Not four score, but seven years ago we launched Serotek. I like to think that the company was conceived on liberty. In fact our first product was all about emancipation – helping blind people access the internet with little or no training, using an easy menu selection process. Even the name was liberty-based, but we’ve since stopped using that brand name.
The first product was an Internet appliance. We were more than a little ahead of the market and our original prototype appliance was about the size of a microwave oven. But compared to everything else out there it was a miracle – a breakthrough in human computer interface where we made the computer do the work, rather than the human.
The percentage of blind people using the Internet in those days was miniscule – just the super geeks. I’ll never forget the joy of a newly blind lady in her sixties who had never in her life used a computer when, with just her voice, she got on line using our product and made a purchase. She was so excited. Our little product had opened a door she never thought she would go through.
Back in 2002 we began to build what is now the SA Mobile Network – the largest compilation of blind-friendly web sites and online services in existence. Our mission then, as now was Accessibility Anywhere for Everyone. I like to think we were the first company to look at blind people as people, rather than as needy disabled folks that the government was going to take care of.
The competition paid no attention to us. We weren’t even on their radar screen. They had a business model that worked – for them – and they weren’t about to change it.
We played around with a variety of ways of packaging our Internet appliance, getting it down to about the size of a PDA – unfortunately not battery operated. Still it was very portable and that meant we could put accessibility on the move. Later we put the software on a thumb drive and our motto, Accessibility Anywhere was born. The competition was a little annoyed, but basically they thought we were selling toys and would go out of business before we could do any damage.
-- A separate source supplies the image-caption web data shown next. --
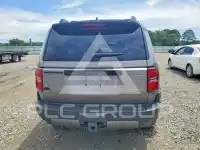 2026 Toyota LAND CRUISER фото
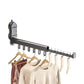📢📢50% OFF !! ⏰Space-Saving Drying Rack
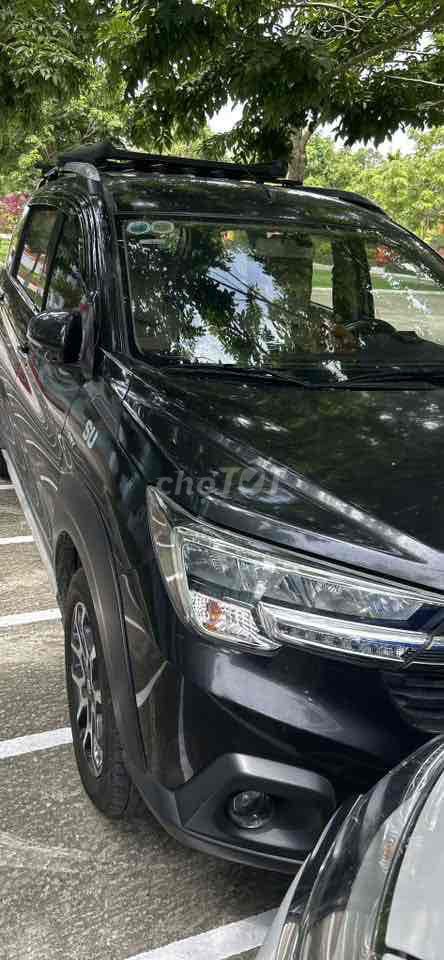 Suzuki Xl 7 2021 photo 3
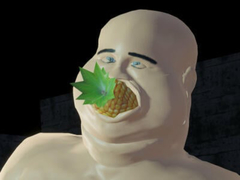 Spēle Please Dont Feed Me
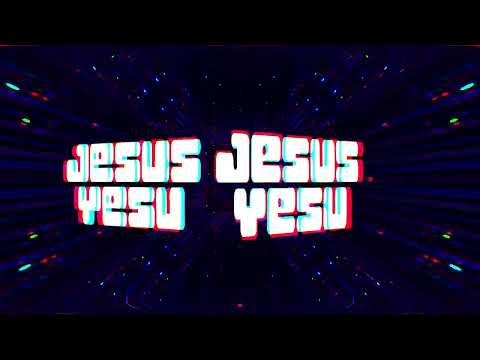 Yesu (Jesus)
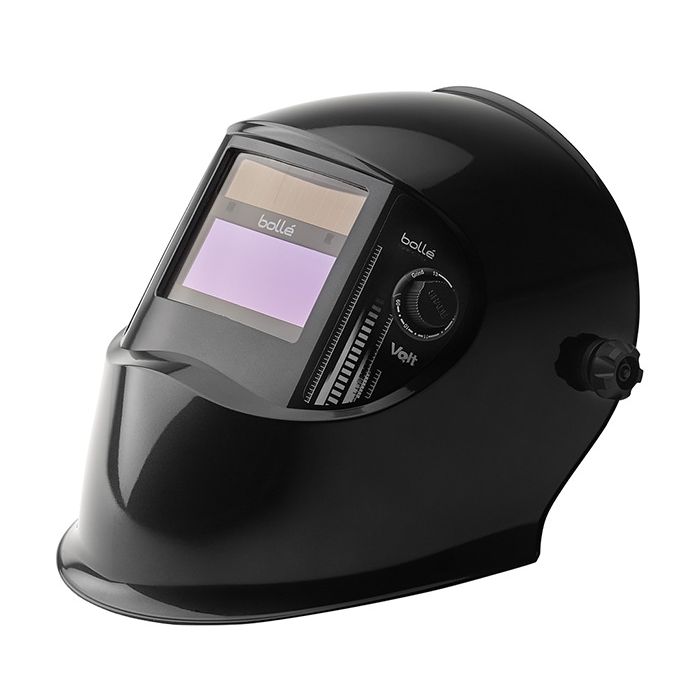 BOLLE VOLT WELDING HELMET - Black BOLLE VOLT WELDING HELMET - Black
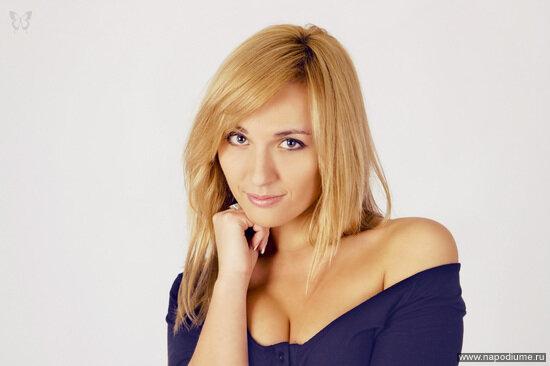 Фото Ирина Мачина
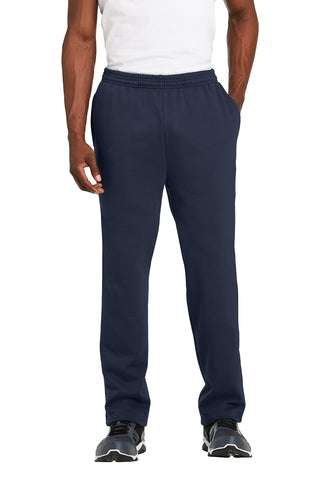 RFD - SPORT-TEK OPEN BOTTOM SWEATPANT (ST257)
In 2004 we captured their attention with System Access. Suddenly it wasn’t just Internet Access we were offering it was full accessibility – the complete power of a screen reader. In 2005 System Access won the Da Vinci award, offered by Michigan Multiple Sclerosis Society to innovators who advanced the cause of accessibility. We put System Access on a thumb drive and now the competition was getting a little worried. Where they sold a separate license for every computer you made accessible, we offered completely portable accessibility and at a tiny fraction of the cost. SA was and is fully intuitive, requiring minimal training. It accesses many major commercial applications and on a thumb drive you could take it with you anywhere and make any computer accessible. It even stores your preferences for text to speech and other adjustable parameters.
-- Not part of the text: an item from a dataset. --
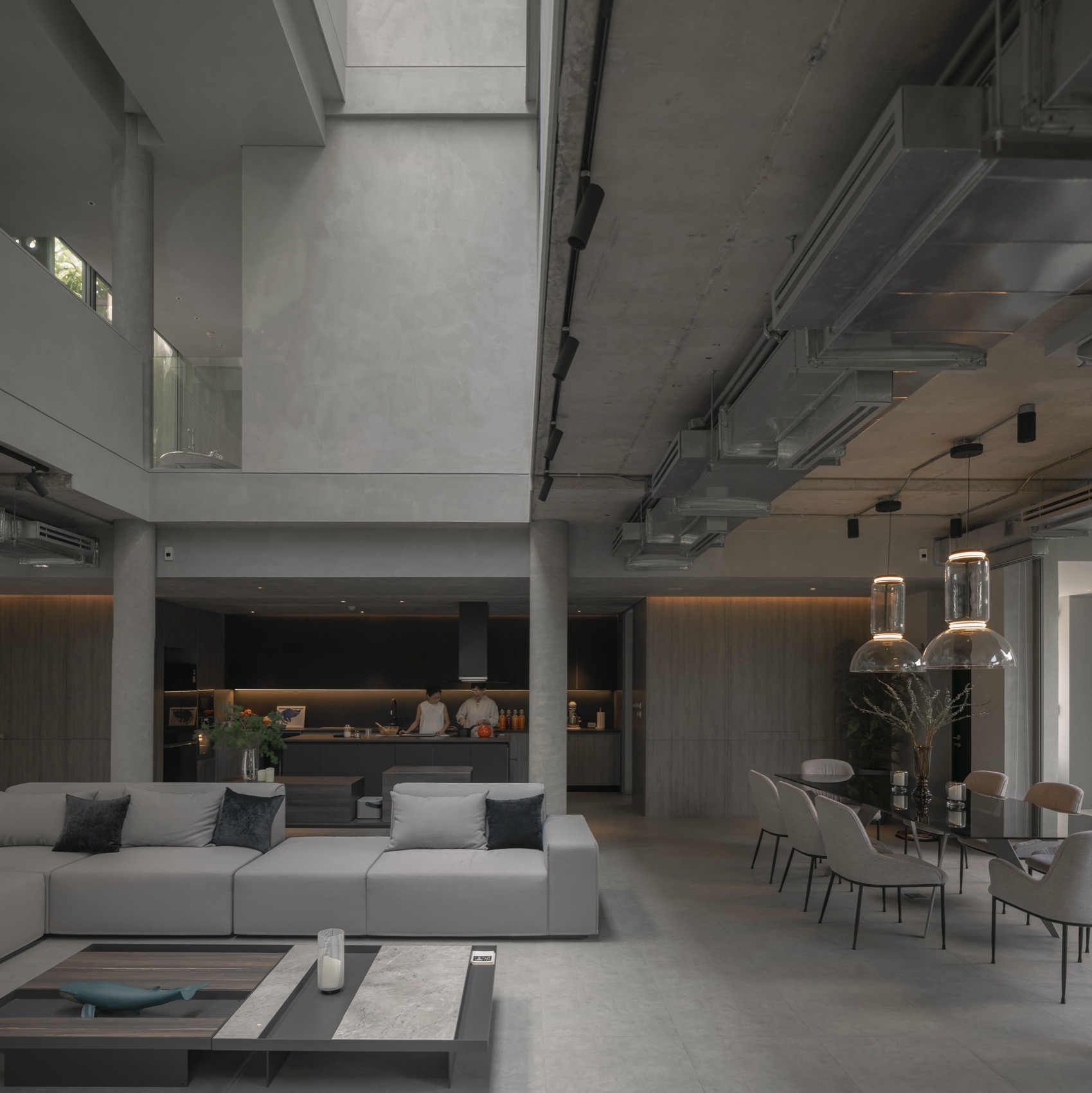 Sailom House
In 2006 we turned our attention to businesses and trainers. We offered RAM, the first fully accessible corporate enterprise network package that made it possible for people with visual impairments to work as technicians, network managers, online trainers and help desk personnel, all in a completely secure environment. The cost was peanuts compared to outfitting a network with the necessary screen reader licenses and other support that would have been required if the competition could even conceive of the application. We also created RIM for visual resource trainers. RIM allows a trainer to share the desktop with any client, anywhere and teach any application – even the competitors’ products. The competition began to take us seriously. So seriously that in 2007 – well everyone knows that story. We began to build the System Access brand.
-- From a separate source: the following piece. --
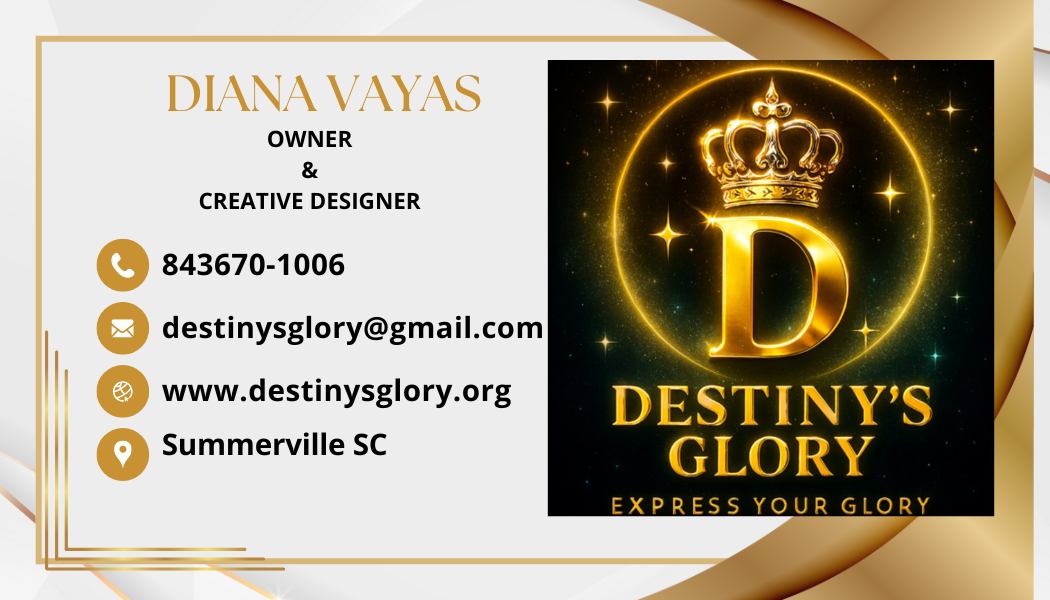 Premium Aluminum custom Sublimation Business Cards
We had a lot of innovations in portability and ease of use as well as functionality. But in mid 2007 we put System Access To Go into beta test. SAToGo took accessibility onto the cloud. Anyone could download it anytime they were connected to the Internet and use it on any computer.
There was a lot of speculation on how we would price SAToGo. Most people thought we would add it as a capability to our Software as a Service package which allowed people to lease the entire Serotek software repertoire for a modest monthly charge.
At ATIA in 2008 we revealed our pricing. SAToGo was free. In cooperation with the AIR Foundation (Accessibility Is a Right) we put SAToGo on the cloud for anyone, anytime, at no charge. The competition thought we were crazy.
Here we were taking a veritable money tree and giving it away as firewood.
Slowly people began to understand. Serotek is a whole different animal. In 2008 Serotek Was Honored with The AFB Access Award
Also at ATIA we introduced the Accessible Digital Lifestyle which opened a world of fun products and gadgets to blind people just like we were – people. Can you believe it?
Now the industry was taking full notice. In fact, GW Micro beat us to the punch and, working with Apple Computer, made the Ipod accessible – a huge breakthrough. All manner of products and services that used to be available only to sighted folks are suddenly becoming accessible: GPS devices, MP3 players, PDAs, Facebook, MySpace, and more. The paradigm was shifting and little old Serotek was the lever that pushed the industry off its old model and into the scary world of full technology access for blind folks.
This year we pushed them again. We eliminated the software maintenance agreement (SMA) a little bit of legal larceny that forces blind folks to pay their vendor to fix stuff they should have gotten right the first time.
Of course along the way we’ve added all manner of fun and useful products and services. You can see them on our new, revamped Web site. But the 7th birthday is supposed to be the age of reason. I’m hoping people everywhere are beginning to see our reason and our reasoning.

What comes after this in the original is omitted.